Is that happening here? I don’t know. I can’t read James K.A. Smith’s mind. I do know that I find it awfully strange that he turned so sharply on the Benedict Option, in the time he did. And I find it especially dishonest — and, frankly, morally and intellectually discreditable — that he would impute racist motivations to me when the book I wrote, which he has in hand, makes a very different claim.
As I have indicated many times, what bothers me about the BenOp is that Rod only seems to understand a cultural crisis now when some Christians (the mainstream calls them fundamentalists) saw it at least a century ago. My sense is that Rod grew up fairly comfortable in mainline Protestant America and only when the mainline churches went really flaky did he look for Christian sustenance elsewhere — first Rome, then Constantinople. But he seems to have no awareness that Protestants circa 1900 saw trends in the mainline world that plausibly predicted what would happen to the Protestant mainline in the Angela Davis era.
One of those Protestants from the turn of the twentieth century who saw the crisis of modern society was a man who has inspired many of the faculty and administrators at the college where Jamie Smith teaches.

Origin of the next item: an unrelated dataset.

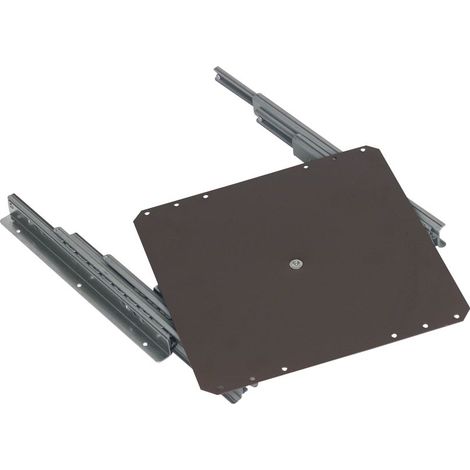 TV-Halterung mit Vollauszug, Halter ausziehbar 320x320 mm, Stahl schwarz (1/2)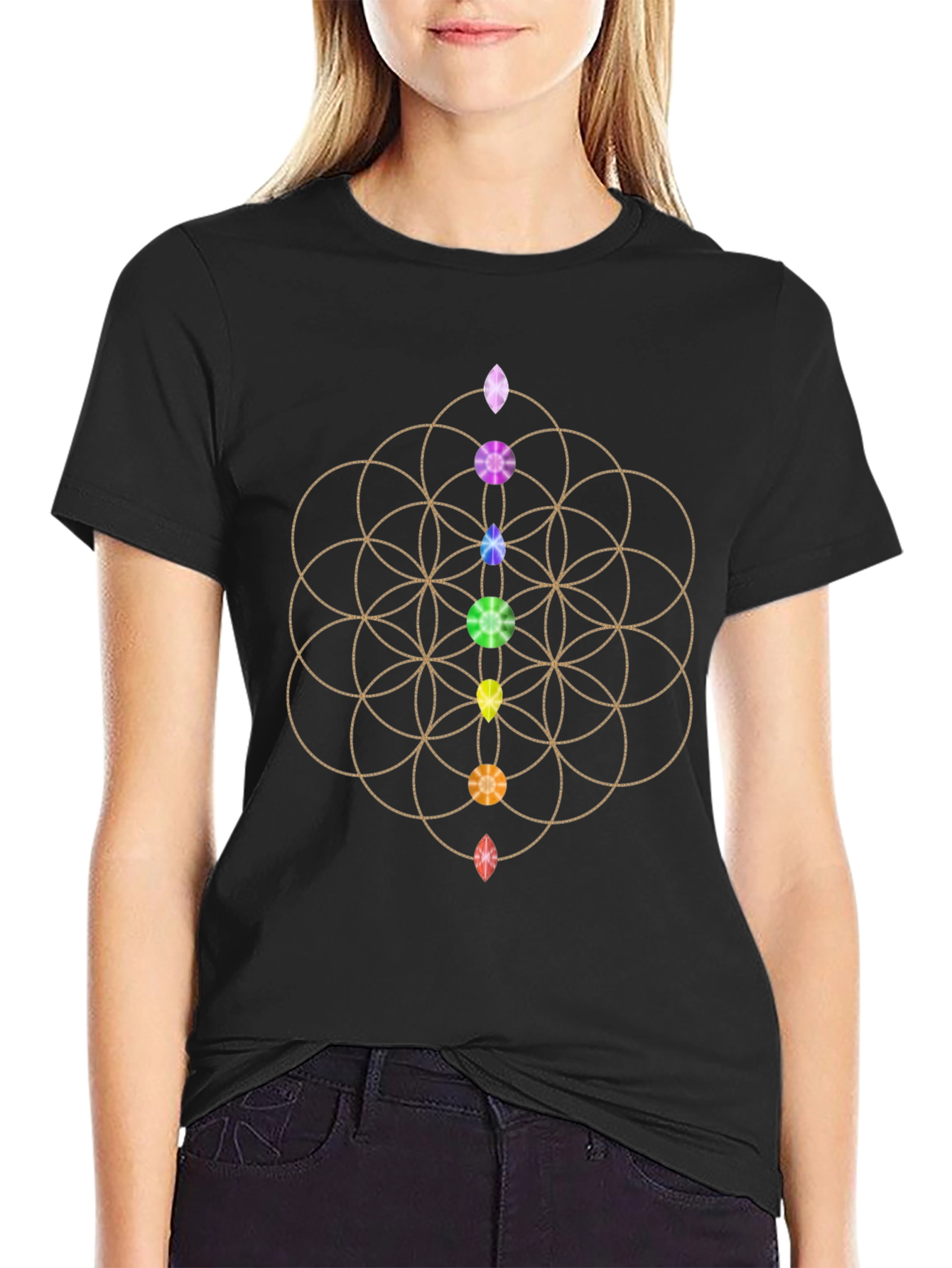 Chakra Flower of Life Graphic Tee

The college is Calvin and the old Protestant is Abraham Kuyper. The Dutch pastor, university founder, politician and theologian knew alarm and encouraged it among his followers. Kuyper put the antithesis this way:
Not faith and science, therefore, but two scientific systems or, if you choose, two scientific elaborations, are opposed to each other, each having its own faith. Nor may it be said that it is here science which opposes theology, for we have to do with two absolute forms of science, both of which claim the whole domain of human knowledge…. [They dispute] with one another the whole domain of life.
Jacob Klapwijk explains that antithetical vision this way:
Throughout human society, in church, state, and community, the believer is called pro Rege, that is, he is called to follow King Jesus. Pro Rege means mobilizing Christian forces for the battle against idolatrous and anti-Christian powers at work in culture. To build science on Christian principles is part of that calling. The other side of the coin is that every form of s science based on, say, humanistic principles is to be opposed; demanded is a thoroughgoing antithetical attitude toward non-Christian thought.
That is part of the rationale that inspires the institution where Jamie Smith works. It’s the reason why parents send their children not to University of Michigan but to Calvin College. For Smith to act like alarmism is only a card that Rod Dreher plays is to be as historically unaware as Rod himself.
Alarmism happens. It’s even biblical:
For we do not wrestle against flesh and blood, but against the rulers, against the authorities, against the cosmic powers over this present darkness, against the spiritual forces of evil in the heavenly places. (Eph. 6:12)
I do wish critics of modernity like Dreher and Smith would remember that the world went south well before Alasdair MacIntyre or Charles Taylor started writing books. It happened when God barred Adam and Eve from Eden.